第二,在民主决策中,人民群众应该采取什么方式同政府之间实现利益的交易呢?首先,人民群众应该在不同的程度上组织起来。如果人民群众处于一种无组织状态,那么他们也就不可能形成比较强大的力量,从而他们的利益要求也就很难引起政府的注意和被政府所采纳。这样便提出了社会结构多元化的任务。也就是在政府之外,需要形成多种多样的群众的社会组织的政治组织,从而可以从各个不同的方面来强有力地反映人民群众的利益。
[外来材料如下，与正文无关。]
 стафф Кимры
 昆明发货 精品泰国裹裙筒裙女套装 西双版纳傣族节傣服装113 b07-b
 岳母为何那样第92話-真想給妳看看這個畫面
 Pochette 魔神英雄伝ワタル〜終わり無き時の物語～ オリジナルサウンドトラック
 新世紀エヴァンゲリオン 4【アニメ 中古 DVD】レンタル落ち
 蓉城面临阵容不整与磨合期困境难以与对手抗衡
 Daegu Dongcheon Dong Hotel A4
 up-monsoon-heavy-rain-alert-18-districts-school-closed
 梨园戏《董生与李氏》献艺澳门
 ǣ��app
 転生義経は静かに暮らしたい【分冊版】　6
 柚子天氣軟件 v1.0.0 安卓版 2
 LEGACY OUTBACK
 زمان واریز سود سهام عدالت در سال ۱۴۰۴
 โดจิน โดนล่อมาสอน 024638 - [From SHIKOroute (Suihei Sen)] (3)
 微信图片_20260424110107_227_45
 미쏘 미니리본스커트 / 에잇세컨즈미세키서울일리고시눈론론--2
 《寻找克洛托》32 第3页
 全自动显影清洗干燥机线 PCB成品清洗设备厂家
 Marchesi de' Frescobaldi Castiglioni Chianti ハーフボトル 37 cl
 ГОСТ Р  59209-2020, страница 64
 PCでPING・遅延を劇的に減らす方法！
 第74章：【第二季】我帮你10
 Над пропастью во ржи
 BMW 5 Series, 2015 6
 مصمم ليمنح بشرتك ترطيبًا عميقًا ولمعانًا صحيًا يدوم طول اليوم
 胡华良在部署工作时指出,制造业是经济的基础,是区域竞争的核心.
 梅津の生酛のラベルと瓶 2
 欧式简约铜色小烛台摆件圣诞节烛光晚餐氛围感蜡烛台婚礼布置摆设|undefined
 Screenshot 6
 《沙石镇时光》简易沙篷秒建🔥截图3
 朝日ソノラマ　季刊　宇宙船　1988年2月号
其次,应该建立一种有效的社会和政治机制,使得政府官员的利益与其对民意的态度密切地结合在一起,从而使政府官员不能不考虑来自人民群众的意见。一般地说,这种机制是来自竞争性的民主选举制度。再其次,在上面两点已经实现的基础上,如何进行人民群众与政府之间的利益交易呢?这方面的形式可以说是多种多样的:可以是通过代议机构向政府施加影响;可以是某种具有制度性的协商方式;可以是群众组织与政府官员之间的某种个别的接触;可以是非制度化的某种压力行动;可以是通过大众传播媒体来对政府施加影响;以及人们能够想到的其它一切方式,等等。所有这一切归纳到一点,就是要使决策过程贯彻民主的精神,使决策过程本身实现政府和人民之间的利益交易,这样所产生的决策,就能既符合于政府的利益,又符合于人民群众的利益。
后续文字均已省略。